=== THE PROBLEM ===
Below are some records; give them all again exactly, but not the pictures.

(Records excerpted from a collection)
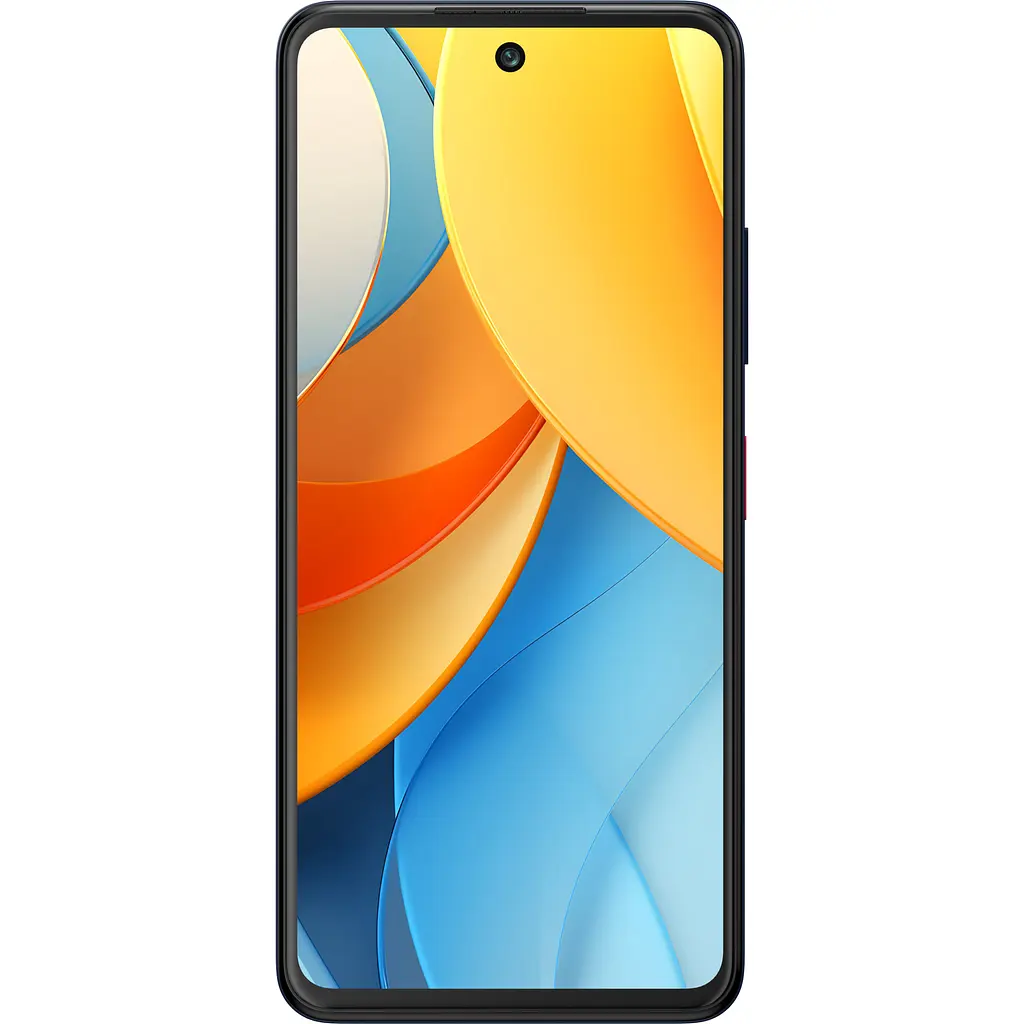 Смартфон Nubia V60 Design 6/256Gb Blue [114155] - фото 3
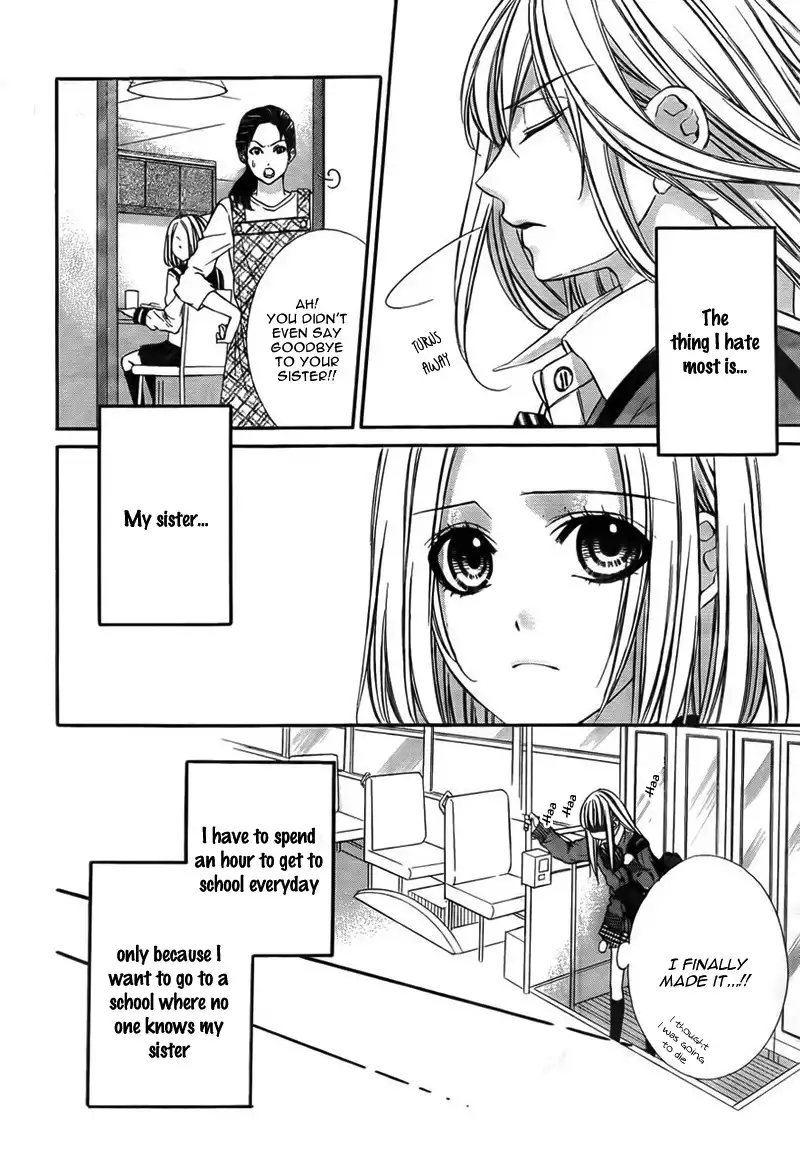 Kore ga Koi to Iu naraba Chapter 1 8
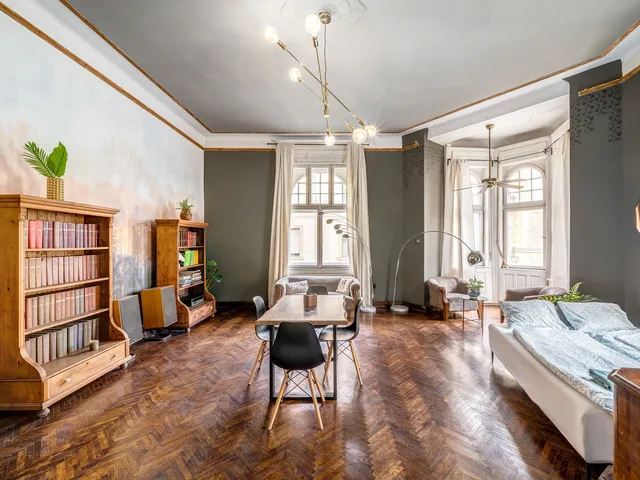 Eladó lakás Budapest VIII. kerület 146 nm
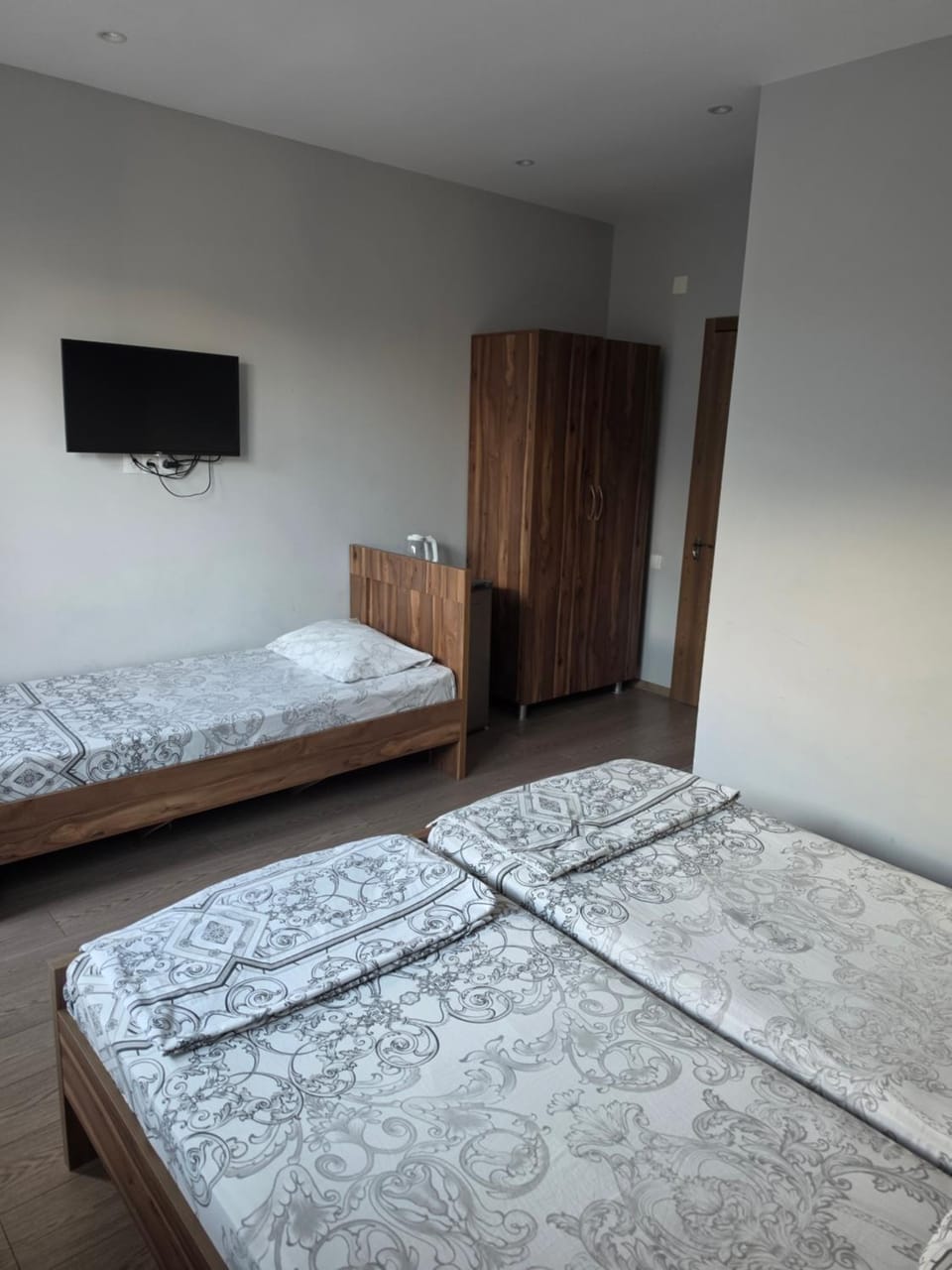 French Hotel Bed and Breakfast in Adjara, Georgia
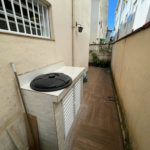 Apartamento à venda, 73 m² por R$ 550.000,00 - Embaré - Santos/SP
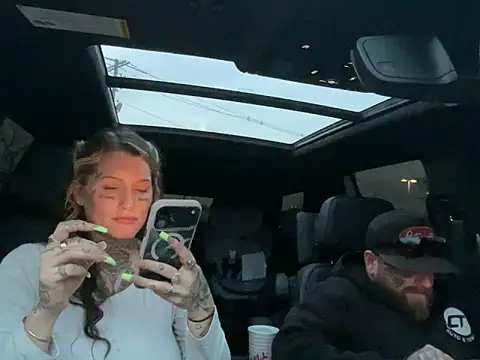 lexymarie's Webcam Show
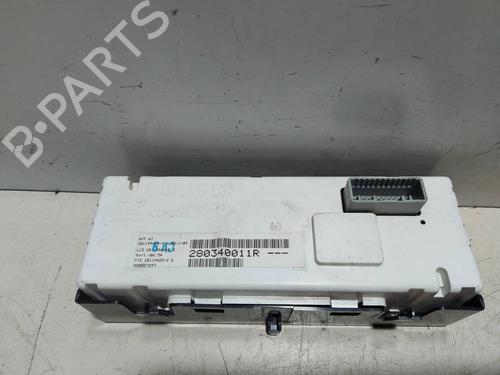 Display RENAULT MEGANE III Hatchback (BZ0/1_, B3_) 1.5 dCi | BP24201945C48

=== RESPONSE FOR THIS EXERCISE ===
 Смартфон Nubia V60 Design 6/256Gb Blue [114155] - фото 3
 Kore ga Koi to Iu naraba Chapter 1 8
 Eladó lakás Budapest VIII. kerület 146 nm
 French Hotel Bed and Breakfast in Adjara, Georgia
 Apartamento à venda, 73 m² por R$ 550.000,00 - Embaré - Santos/SP
 lexymarie's Webcam Show
 Display RENAULT MEGANE III Hatchback (BZ0/1_, B3_) 1.5 dCi | BP24201945C48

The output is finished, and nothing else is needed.